How can we count different coloring in 2 cycle with one edge in common There is a question that asked what is the counts of different coloring in $C_5$ and $C_6$ when it has one edge in common:

I have used fundamental reduction in cycles in order to get a recursive formula (I know there is a closed formula for that too), but when i try use the same in this particular question, it becomes very complicated. How can I find a formula for this kind of graph? Im looking for Chromatic Polynomial. 
 A: Wikipedia gives the chromatic polynomial of the cycle graph $C_n$ as $(x-1)^n+(-1)^n(x-1)$.  In your graph we can choose the first point that is common to the cycles in $x$ ways and the other point in common in $x-1$ ways.  That choice is common to the two cycles, then we can complete each in any way we want, so the chromatic polynomial is 
$$\frac {\left((x-1)^6+(-1)^6(x-1)\right)\left((x-1)^5+(-1)^5(x-1)\right)}{x(x-1)}=\\x^9 - 10 x^8 + 45 x^7 - 120 x^6 + 209 x^5 - 245 x^4 + 190 x^3 - 90 x^2 + 20 x=\\(x - 2) (x - 1) x (x^2 - 2 x + 2) (x^4 - 5 x^3 + 10 x^2 - 10 x + 5)$$
where I got Alpha to do the simplification.  The presence of $(x-1)(x-2)$ and no $(x-3)$ says the chromatic number is $3$.
A: Let's first find a formula for a "mouse graph" ($C_n$ with a path $P_m$ attached)

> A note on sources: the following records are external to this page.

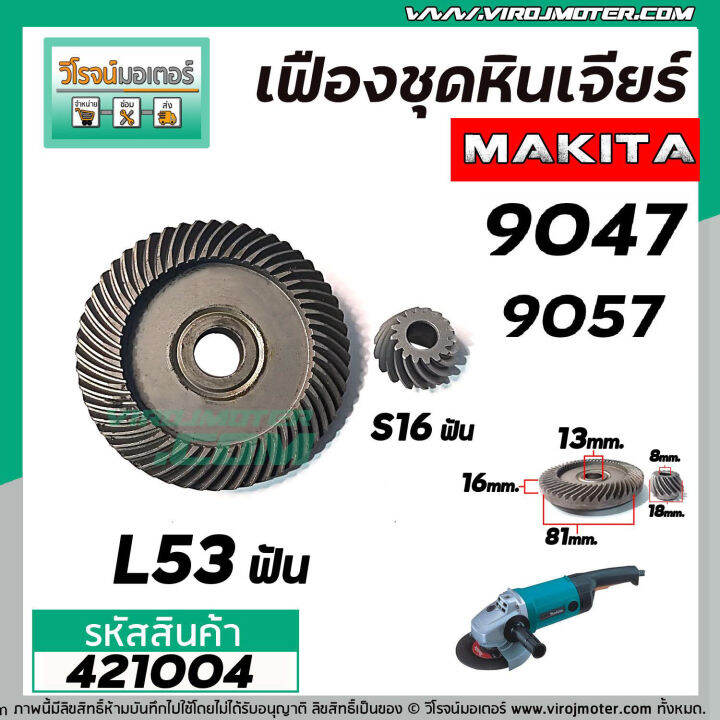 เฟืองหินเจียร-makita-9047-9057-เฟืองใหญ่-เล็ก-ใช้ตัวเดียวกัน-421004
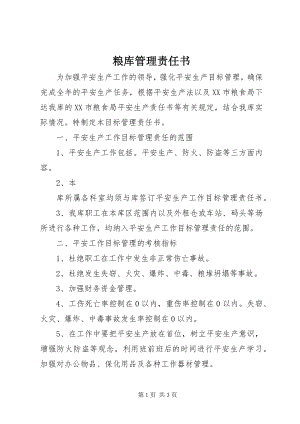 2023年粮库管理责任书.docx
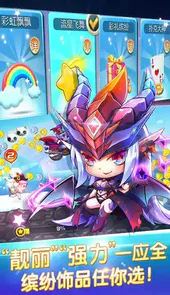 葫芦侠天天酷跑登录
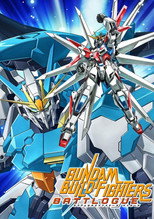 ガンダムビルドファイターズ バトローグ poster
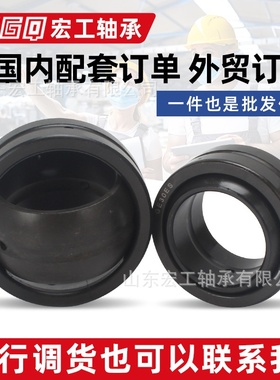 液压油缸配套关节轴承GE50ES GE55ES GE60ES GE70ES GE80ES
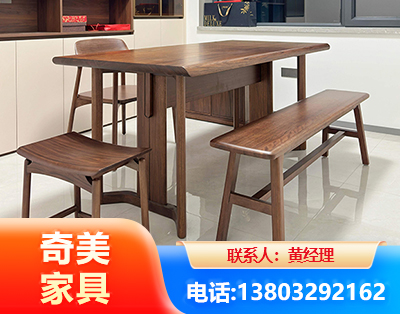 沧州办公家具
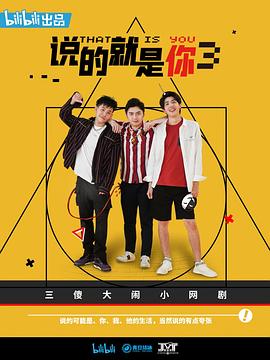 女人不坏 封面图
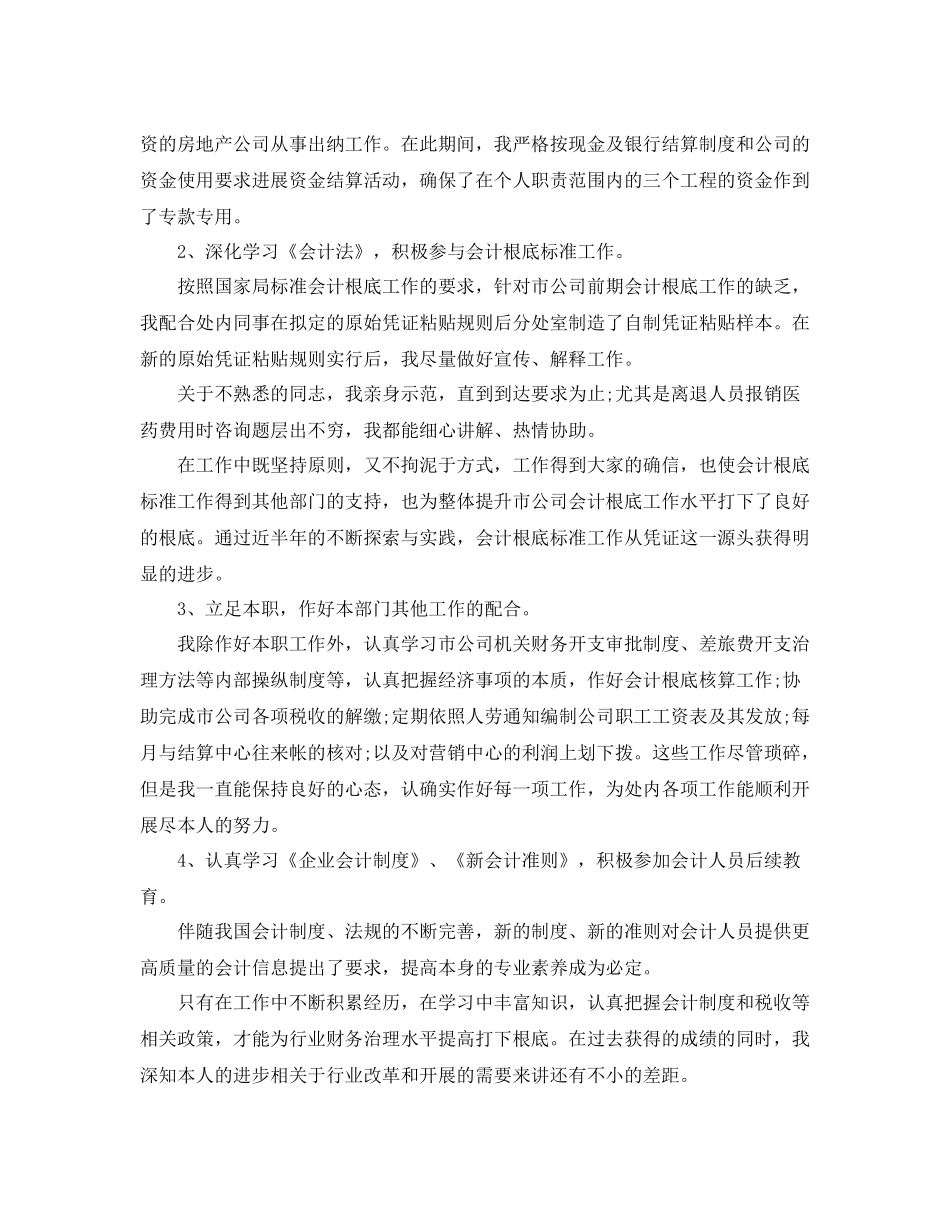 2021年度工作参考总结企业出纳员年度工作参考总结_第2页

This is easy with induction and the fundamental d-c. We know that for $n$-cycle the chromatic polynomial is $C_n(x) = (x-1)^n+(-1)^n(x-1)$ and we get that for the mouse it is
$$M_{n,m}(x) = (x-1)^m C_n(x)$$
Now for the graph in question. Let's denote the chromatic polynomial by $P_{n,m}$, where $n$ is the number of nodes in the first cycle and $m$ is the extra nodes in the second. So what we want is $P_{6, 3}$.
When we use deletion-contraction on the first edge that comes out on the second cycle, we get the recursion (and the basecase $P_{n,0} (x) = C_n(x)$)
$$P_{n,m}(x) = M_{n,m}(x) - P_{n,m-1}(x)\\
= M_{n,m}(x) - M_{n,m-1}(x) + P_{n,m-2}(x)\\
= \dots =\\
= \sum_{j=0}^m (-1)^j M_{n,m-j}(x) = C_{n}(x)\sum_{j=0}^m (-1)^j (x-1)^{m-j}\\
=  C_{n}(x)(-1)^m\sum_{j=0}^m  (1-x)^{j} \\
= C_n(x)(-1)^m\frac{1-(1-x)^{m+1}}{x}\\
= C_n(x)\frac{(x-1)^{m+1} + (-1)^m}{x}$$
You can check the answer with the following SAGE-code:
R.<x> = QQ['x']

def c(n):
    return x if n==1 else (x-1)**n + (-1)**n*(x-1)

def makeGraph(n, m):
    N = n+m
    g = Graph(N)
    for i in range(N): g.add_edge(i, (i+1)%N)
    if n>1 and m>1: g.add_edge(0, n-1)
    return g

def getFormula(n, m):
    #TODO doesn't work for n==1 or m==1
    p = c(n)*(-1)**m*(1-(1-x)**(m+1))/x
    return p


for n in range(1, 10):
    for m in range(1, 10):
        p = makeGraph(n,m).chromatic_polynomial()
        pFormula = getFormula(n,m)
        if p != pFormula:
            print("Wrong formula with %d, %d" %(n,m))
            print (p)
            print (pFormula)

EDIT The formula doesn't work for the cases where $n=1$ or $m=1$.